RECORDS SHOWN:
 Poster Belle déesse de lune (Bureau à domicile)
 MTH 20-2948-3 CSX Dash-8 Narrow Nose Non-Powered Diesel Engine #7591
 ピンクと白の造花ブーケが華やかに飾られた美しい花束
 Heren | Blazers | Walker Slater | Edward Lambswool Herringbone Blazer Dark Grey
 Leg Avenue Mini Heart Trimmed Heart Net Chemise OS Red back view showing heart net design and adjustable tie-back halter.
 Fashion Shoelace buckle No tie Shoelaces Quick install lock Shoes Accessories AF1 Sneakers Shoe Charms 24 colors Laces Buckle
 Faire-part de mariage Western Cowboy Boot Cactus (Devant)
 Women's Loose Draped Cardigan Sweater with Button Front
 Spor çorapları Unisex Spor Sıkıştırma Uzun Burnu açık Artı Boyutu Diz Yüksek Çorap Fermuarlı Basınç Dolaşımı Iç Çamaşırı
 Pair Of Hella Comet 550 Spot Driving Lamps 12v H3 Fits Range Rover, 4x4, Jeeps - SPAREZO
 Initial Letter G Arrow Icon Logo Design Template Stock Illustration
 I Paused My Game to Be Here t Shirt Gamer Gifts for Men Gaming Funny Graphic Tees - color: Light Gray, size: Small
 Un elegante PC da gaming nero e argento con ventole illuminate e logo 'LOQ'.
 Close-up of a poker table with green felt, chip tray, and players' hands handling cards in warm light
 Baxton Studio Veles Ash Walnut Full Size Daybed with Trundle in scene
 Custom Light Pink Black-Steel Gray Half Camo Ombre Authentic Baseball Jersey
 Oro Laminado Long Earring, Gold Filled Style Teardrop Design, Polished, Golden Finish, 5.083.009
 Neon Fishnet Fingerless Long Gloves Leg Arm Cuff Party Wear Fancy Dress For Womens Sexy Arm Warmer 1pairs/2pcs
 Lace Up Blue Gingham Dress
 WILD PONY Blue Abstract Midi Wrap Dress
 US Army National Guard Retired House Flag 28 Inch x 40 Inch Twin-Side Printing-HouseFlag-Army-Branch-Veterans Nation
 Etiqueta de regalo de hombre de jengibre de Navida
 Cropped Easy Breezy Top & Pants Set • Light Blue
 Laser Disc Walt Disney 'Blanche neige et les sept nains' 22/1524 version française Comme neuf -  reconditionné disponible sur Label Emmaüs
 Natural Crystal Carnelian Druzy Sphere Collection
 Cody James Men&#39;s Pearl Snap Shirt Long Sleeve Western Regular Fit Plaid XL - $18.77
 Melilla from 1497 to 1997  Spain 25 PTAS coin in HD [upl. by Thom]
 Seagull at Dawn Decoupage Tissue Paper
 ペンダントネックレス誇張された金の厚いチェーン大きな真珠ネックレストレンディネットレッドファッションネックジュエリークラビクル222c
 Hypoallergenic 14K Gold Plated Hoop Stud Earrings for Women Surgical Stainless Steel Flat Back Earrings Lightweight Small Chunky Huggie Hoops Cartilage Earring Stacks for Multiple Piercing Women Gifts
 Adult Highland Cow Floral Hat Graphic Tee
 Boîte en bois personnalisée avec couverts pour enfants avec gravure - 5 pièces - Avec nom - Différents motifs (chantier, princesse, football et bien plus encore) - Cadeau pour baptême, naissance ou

WHAT YOU SHOULD DO: Of all the entries above, output exactly the lines between the one holding "MTH 20-2948-3 CSX" and the one holding "Baxton Studio Veles", inclusive.

ANSWER BOX:
 MTH 20-2948-3 CSX Dash-8 Narrow Nose Non-Powered Diesel Engine #7591
 ピンクと白の造花ブーケが華やかに飾られた美しい花束
 Heren | Blazers | Walker Slater | Edward Lambswool Herringbone Blazer Dark Grey
 Leg Avenue Mini Heart Trimmed Heart Net Chemise OS Red back view showing heart net design and adjustable tie-back halter.
 Fashion Shoelace buckle No tie Shoelaces Quick install lock Shoes Accessories AF1 Sneakers Shoe Charms 24 colors Laces Buckle
 Faire-part de mariage Western Cowboy Boot Cactus (Devant)
 Women's Loose Draped Cardigan Sweater with Button Front
 Spor çorapları Unisex Spor Sıkıştırma Uzun Burnu açık Artı Boyutu Diz Yüksek Çorap Fermuarlı Basınç Dolaşımı Iç Çamaşırı
 Pair Of Hella Comet 550 Spot Driving Lamps 12v H3 Fits Range Rover, 4x4, Jeeps - SPAREZO
 Initial Letter G Arrow Icon Logo Design Template Stock Illustration
 I Paused My Game to Be Here t Shirt Gamer Gifts for Men Gaming Funny Graphic Tees - color: Light Gray, size: Small
 Un elegante PC da gaming nero e argento con ventole illuminate e logo 'LOQ'.
 Close-up of a poker table with green felt, chip tray, and players' hands handling cards in warm light
 Baxton Studio Veles Ash Walnut Full Size Daybed with Trundle in scene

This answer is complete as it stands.